Há ainda o poder legislativo, esse, sim, um poder nefasto. Bastava que, sem mais, sem as substituir por coisa nenhuma, se revogassem todas as leis feitas nos últimos vinte anos, para o sistema jurídico ganhar logo nova credibilidade.
Quer-me parecer que só depois disto tudo podemos começar a falar de magistrados e advogados como responsáveis pelo estado de desgraça que vive a nossa Justiça.

Joaquim M.ª Cymbron disse...

Meu caro Funes:

Claro que a causa profunda é aquela que tão avisadamente apontou no meu outro blogue --- a crise de valores éticos e que aqui volta a lembrar.

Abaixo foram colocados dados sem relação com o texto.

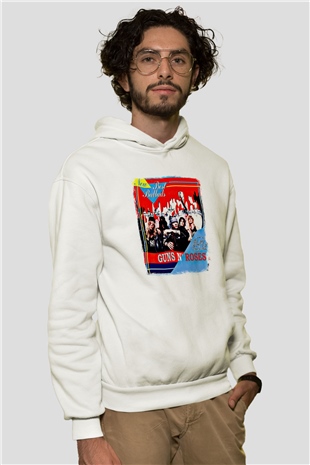 Guns N Roses Baskılı Unisex Beyaz Hoodie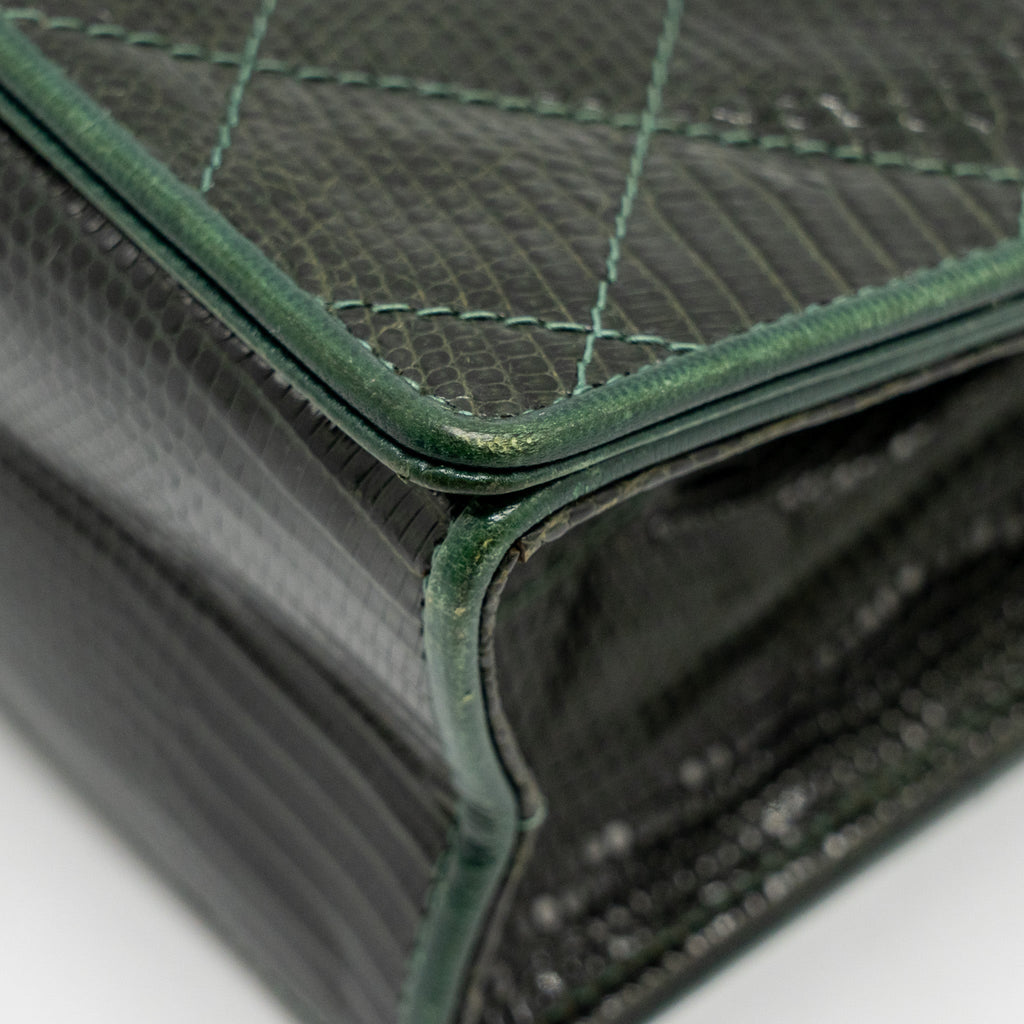 CHANEL VINTAGE ENVELOP FLAP BAG WITH CHAIN LIZARD DARK GREEN GHW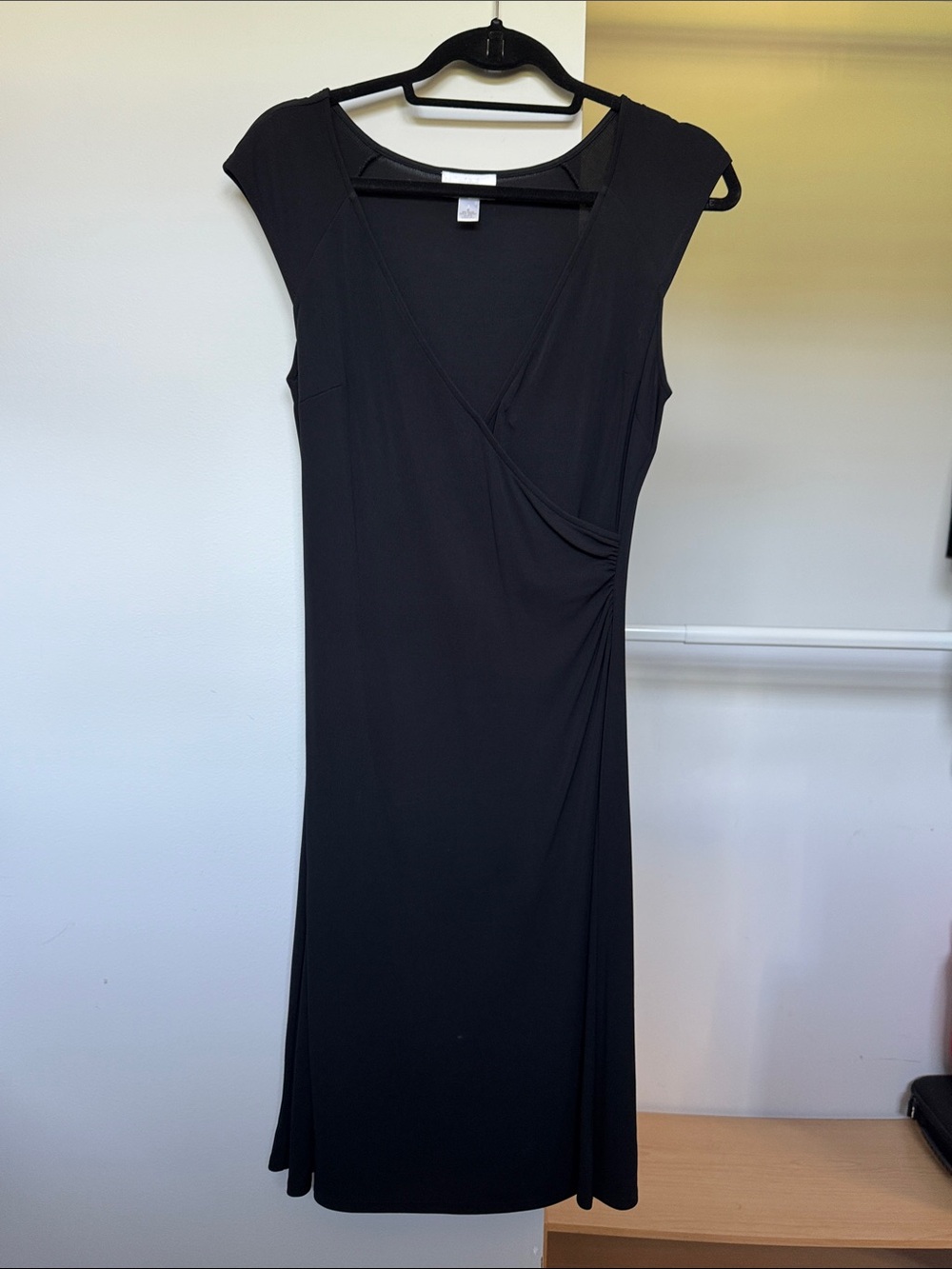 LOFT Black Faux-Wrap Cap-Sleeve Midi Dress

E embora concorde que a culpa toca a mais gente (eu também me acho pecador), penso que aos juízes cabe o maior quinhão, pelas razões descritas no texto: são titulares de um órgão de soberania; são independentes nas decisões que tomam; e a eles cumpre interpretar as leis que temos.

Não tenho dificuldade em aceitar que, se outra fosse a lei, também seria diferente a Justiça. Mas isso diz respeito àquilo que o meu caro Funes diz com toda a lucidez e que creio não adulterar com esta síntese: perda generalizada do senso moral. Se ele fosse vivido em pleno, até se dispensavam os tribunais. Isso, porém, é mero ideal do qual só podemos e devemos aproximar-nos.

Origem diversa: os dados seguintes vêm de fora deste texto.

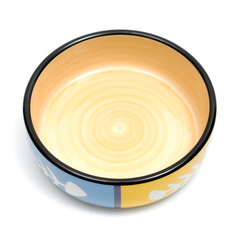 Миска Пижон Рыбки, керамика, с ручной росписью, 350 мл, бежевая внутри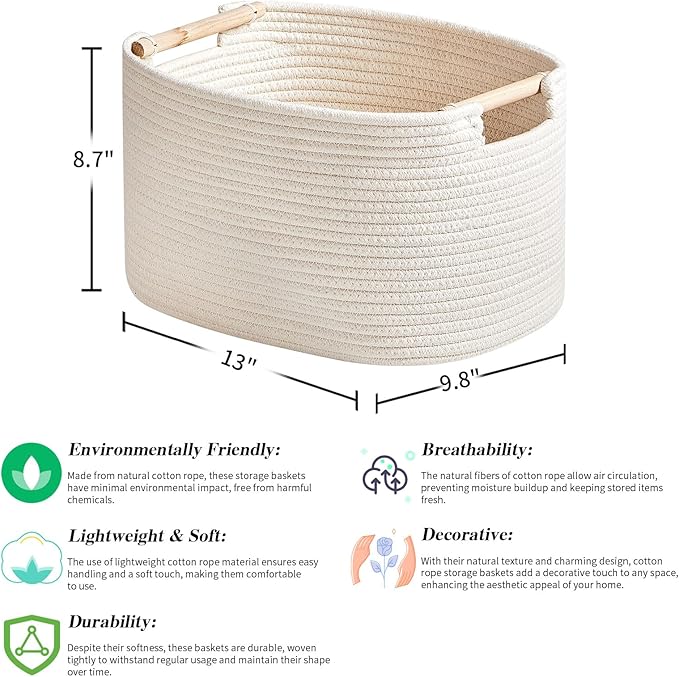 3 Pack Storage Basket for Cabinet and Toy Organization - 13"x9.8"x8.7" Baskets for Storage - Baby Toy Bin - Toy Storage Organizer - Ideal for Empty Gift Baskets to Fill-White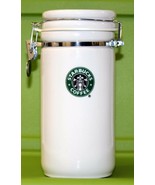 WHITE CANISTER -  STARBUCKS COFFEE MERMAID LOGO PORCELAIN LOCKING 7&quot; CAN... - £11.24 GBP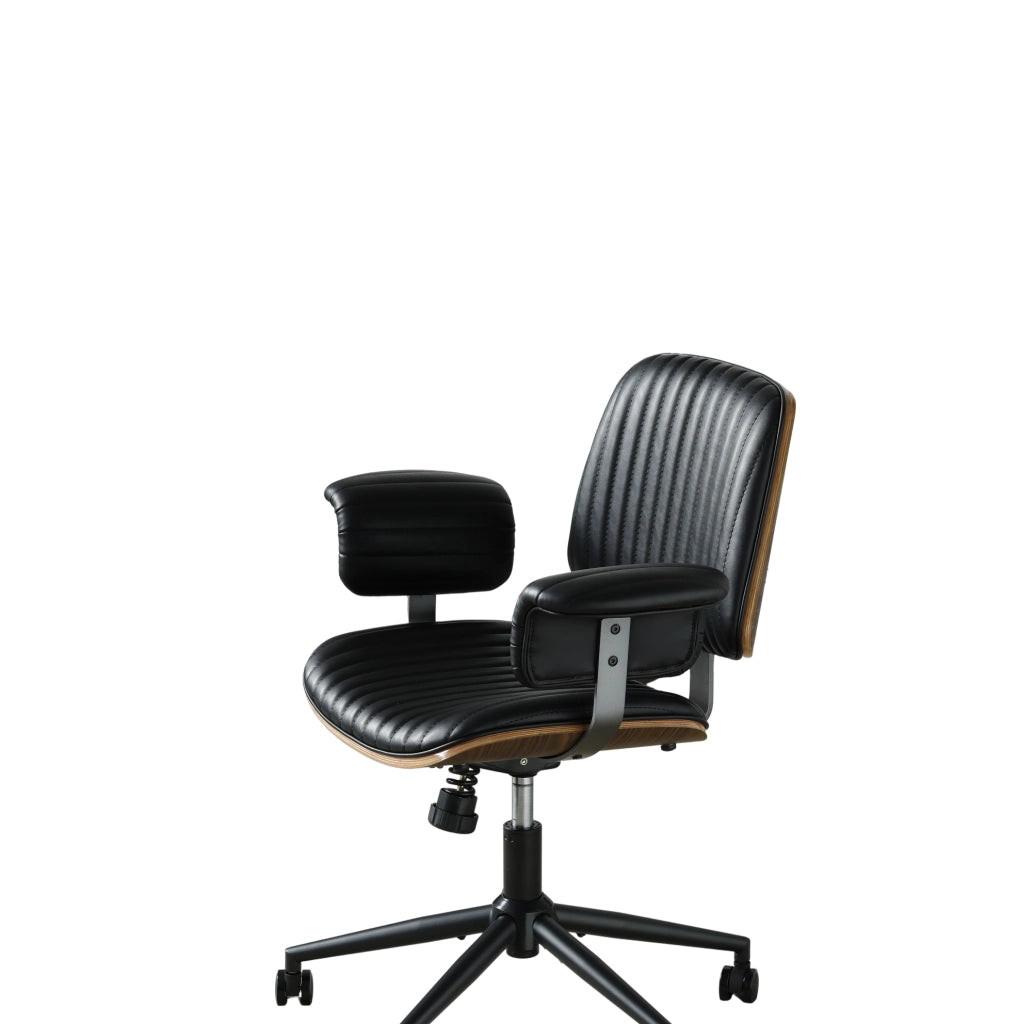 Sedia da ufficio 73x59x87 cm in similpelle nera, girevole e regolabile –
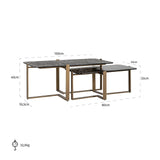 Sterling Set of 2 Coffee Tables with Glass Tops by Richmond Interiors - Maison Rêves UK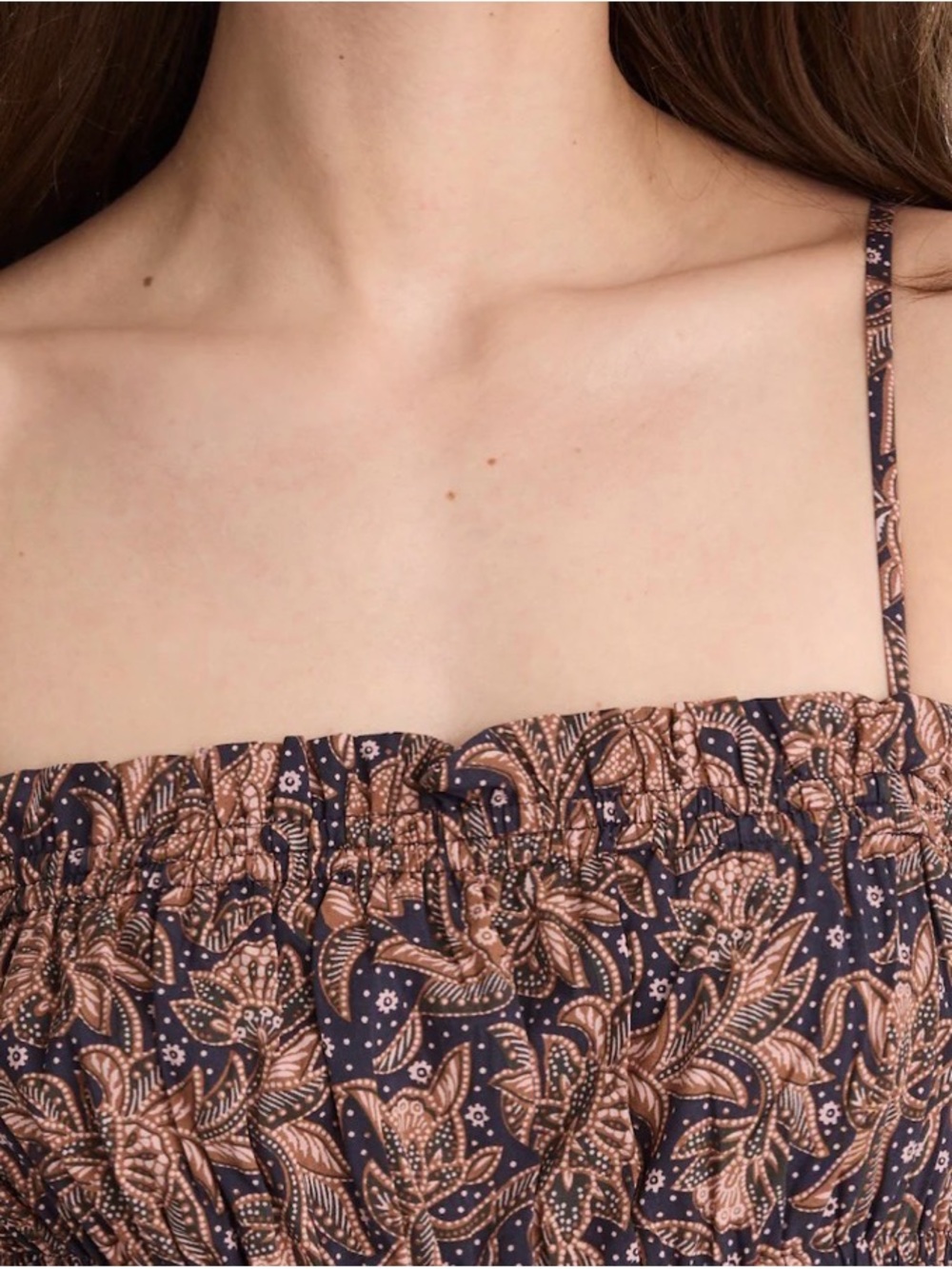 Madewell Smocked bubble hem Midi Dress in paisley/ berry/ brown - Picture 5 of 14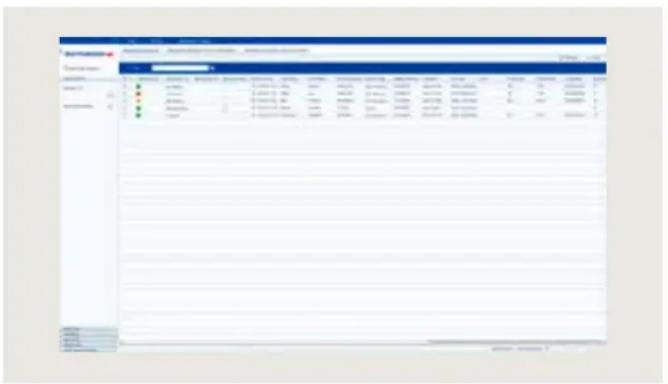 Screenshot of a software interface displaying a data table with columns, rows, and columns, likely from an older system or application.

Eu, prezado comentarista, censuro os juízes dentro do quadro que vivemos. Aí e na medida que defini, é que me parece que são os principais responsáveis da desordem que sofremos.

A certa altura, eu escrevo que '(...)a afirmação de não ser o Direito uma ciência exacta, permite a alguns órgãos judiciários as maiores arbitrariedades.' Note-se bem: a alguns órgãos judiciários. Isto ressalva as prestigiantes figuras de magistrados integérrimos!